Phonological process rules are easier to recognize, since we can actually hear the difference between the sounds.
- phonological process rules: rules that add, delete, and blend phonemes
- homophones: sound the same; spelled differently
- underlying phonemic form: the psychological form
- surface / phonetic form: what you actually hear
- allomorphs: physical variations on a morpheme
- free variation: there are no patterns governing the rules for allophones, morphemes, etc.
3 November 2004
for the French girls young
the four young French girls
When you learned English, you learned a pattern for putting these together.
- linear order (partly arbitrary) (phrasal order) (connections)
- functional word order (use word order to signal part of the meaning)
- hierarchical structure (smaller lists go together to make larger lists)
Functional
John loves Mary. Mary loves John. Has referential meaning.
The meaning of a sentence is not the sum of the meaning of the words.

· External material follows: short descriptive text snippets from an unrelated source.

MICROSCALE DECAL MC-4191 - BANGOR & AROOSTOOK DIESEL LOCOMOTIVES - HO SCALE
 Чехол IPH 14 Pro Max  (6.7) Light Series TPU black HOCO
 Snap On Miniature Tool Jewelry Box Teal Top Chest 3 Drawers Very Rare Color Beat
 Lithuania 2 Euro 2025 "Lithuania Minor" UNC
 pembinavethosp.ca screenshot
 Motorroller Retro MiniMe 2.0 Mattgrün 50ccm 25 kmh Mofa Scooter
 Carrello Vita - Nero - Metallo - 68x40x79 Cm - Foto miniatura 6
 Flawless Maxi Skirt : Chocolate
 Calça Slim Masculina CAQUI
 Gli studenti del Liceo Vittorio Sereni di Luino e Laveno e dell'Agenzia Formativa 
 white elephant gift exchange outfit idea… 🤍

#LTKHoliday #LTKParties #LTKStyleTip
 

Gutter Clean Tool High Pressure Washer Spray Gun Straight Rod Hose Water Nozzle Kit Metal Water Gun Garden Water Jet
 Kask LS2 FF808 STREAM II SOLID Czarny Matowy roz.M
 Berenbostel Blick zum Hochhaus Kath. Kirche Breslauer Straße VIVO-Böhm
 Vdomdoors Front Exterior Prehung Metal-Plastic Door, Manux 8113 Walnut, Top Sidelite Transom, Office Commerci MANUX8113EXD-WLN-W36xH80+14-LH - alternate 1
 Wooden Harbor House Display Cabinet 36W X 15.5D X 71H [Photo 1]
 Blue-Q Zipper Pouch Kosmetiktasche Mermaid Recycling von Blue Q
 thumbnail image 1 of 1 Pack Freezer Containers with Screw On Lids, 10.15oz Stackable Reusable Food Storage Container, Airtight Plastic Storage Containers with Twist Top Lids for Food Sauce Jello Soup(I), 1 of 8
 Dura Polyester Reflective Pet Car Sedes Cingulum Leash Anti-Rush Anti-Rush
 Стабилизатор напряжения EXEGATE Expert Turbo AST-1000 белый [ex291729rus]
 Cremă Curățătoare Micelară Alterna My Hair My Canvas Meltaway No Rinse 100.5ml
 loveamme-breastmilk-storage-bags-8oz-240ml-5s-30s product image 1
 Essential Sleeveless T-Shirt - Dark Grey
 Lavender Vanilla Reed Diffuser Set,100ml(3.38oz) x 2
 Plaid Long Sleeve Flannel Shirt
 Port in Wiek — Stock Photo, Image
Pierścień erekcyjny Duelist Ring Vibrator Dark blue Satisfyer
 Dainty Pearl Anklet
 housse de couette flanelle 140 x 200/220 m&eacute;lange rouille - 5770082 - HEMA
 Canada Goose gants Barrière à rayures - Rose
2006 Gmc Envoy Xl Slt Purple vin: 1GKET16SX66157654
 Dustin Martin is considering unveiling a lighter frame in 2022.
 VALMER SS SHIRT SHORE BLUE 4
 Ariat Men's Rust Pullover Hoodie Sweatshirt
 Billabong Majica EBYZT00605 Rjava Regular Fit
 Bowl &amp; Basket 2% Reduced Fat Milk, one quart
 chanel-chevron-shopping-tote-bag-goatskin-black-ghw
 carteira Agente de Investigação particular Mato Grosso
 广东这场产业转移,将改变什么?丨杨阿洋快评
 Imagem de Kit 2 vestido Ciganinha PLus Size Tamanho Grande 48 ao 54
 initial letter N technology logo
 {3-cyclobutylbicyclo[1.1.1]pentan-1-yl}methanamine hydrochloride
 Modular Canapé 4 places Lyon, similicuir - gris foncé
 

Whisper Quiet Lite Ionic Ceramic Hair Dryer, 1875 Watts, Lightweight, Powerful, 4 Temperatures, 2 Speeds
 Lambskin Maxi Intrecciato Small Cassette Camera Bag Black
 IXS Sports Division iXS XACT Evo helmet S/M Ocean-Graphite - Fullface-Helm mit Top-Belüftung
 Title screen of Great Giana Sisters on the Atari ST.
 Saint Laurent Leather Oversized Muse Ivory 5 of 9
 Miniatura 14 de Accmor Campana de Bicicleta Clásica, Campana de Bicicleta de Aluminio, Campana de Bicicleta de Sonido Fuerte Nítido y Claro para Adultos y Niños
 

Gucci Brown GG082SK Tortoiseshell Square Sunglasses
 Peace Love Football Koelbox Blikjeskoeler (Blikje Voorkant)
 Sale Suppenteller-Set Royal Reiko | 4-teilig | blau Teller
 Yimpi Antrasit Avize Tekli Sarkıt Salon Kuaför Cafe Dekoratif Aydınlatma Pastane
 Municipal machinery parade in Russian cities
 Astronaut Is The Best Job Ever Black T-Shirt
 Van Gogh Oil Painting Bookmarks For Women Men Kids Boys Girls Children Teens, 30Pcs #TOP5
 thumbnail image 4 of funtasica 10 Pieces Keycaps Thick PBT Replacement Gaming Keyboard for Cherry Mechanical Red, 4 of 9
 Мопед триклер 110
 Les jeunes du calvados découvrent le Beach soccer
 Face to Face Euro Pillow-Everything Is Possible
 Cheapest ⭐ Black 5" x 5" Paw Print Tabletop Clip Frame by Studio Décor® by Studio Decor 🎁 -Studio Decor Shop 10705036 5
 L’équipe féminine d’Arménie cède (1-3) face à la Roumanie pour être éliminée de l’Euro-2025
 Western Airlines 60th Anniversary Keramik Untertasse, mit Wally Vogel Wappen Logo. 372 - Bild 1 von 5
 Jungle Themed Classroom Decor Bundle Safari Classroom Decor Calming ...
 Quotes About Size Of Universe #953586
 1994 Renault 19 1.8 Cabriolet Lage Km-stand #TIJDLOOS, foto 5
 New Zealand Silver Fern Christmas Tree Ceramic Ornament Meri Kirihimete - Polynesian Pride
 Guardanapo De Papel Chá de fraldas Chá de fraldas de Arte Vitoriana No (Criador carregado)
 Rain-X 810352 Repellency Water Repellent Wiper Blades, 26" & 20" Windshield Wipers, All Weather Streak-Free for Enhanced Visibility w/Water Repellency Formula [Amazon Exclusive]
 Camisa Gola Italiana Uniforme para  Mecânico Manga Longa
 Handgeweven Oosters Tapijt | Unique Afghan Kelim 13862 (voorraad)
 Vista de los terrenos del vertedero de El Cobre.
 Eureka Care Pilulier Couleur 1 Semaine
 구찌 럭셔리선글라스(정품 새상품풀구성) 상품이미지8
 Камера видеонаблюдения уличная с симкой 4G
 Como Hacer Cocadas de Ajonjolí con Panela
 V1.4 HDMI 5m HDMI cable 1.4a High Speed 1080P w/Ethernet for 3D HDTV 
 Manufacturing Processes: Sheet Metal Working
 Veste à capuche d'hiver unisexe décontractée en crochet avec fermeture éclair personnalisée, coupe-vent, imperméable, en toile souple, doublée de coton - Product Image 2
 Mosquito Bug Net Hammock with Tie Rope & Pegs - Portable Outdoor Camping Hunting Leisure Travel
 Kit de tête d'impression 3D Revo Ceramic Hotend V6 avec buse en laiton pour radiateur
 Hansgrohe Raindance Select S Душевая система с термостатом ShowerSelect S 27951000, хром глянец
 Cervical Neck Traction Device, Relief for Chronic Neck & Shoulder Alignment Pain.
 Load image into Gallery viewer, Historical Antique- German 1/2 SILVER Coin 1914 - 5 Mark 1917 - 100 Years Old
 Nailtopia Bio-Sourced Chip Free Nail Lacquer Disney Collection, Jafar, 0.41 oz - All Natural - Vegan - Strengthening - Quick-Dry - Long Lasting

Mary can see John. - statement
Can Mary see John? - question
Puella poetae magnam rosam dat. (Latin)
Girl poet large rose gives.
Endings determine subject and order, so words can be moved and emphasis changes while meaning remains. Flexible word order. In German, the word for “the” tells you which is the subject and which is the object.
The king killed the bishop. (active)
The bishop was killed by the king. (passive)
Hierarchical
I watched the prisoner from the tower. -> ambiguous
Syntactically, the prepositional phrase “from the tower” can go with “prisoner” or “watched”.
When we encode things into language, we have multi-dimensional concepts we want to convey. Part of that information is lost in the encoding.
The woman told the man that she loves the truth.
5 November 2004
Knowledge
- of a language
- about a language (metalinguistic knowledge)
The iggly trazed wombly in the harlish goop.
Practice is more important in the long run.
- constituent - a word or group of words that does the same thing in a sentence
- sentence -> referring expression + predication
- referring expression - noun -> subject, object
- predication - verb -> predicate
12 November 2004
- predicate - verb + object
- intransitive verb - no object (hesitated)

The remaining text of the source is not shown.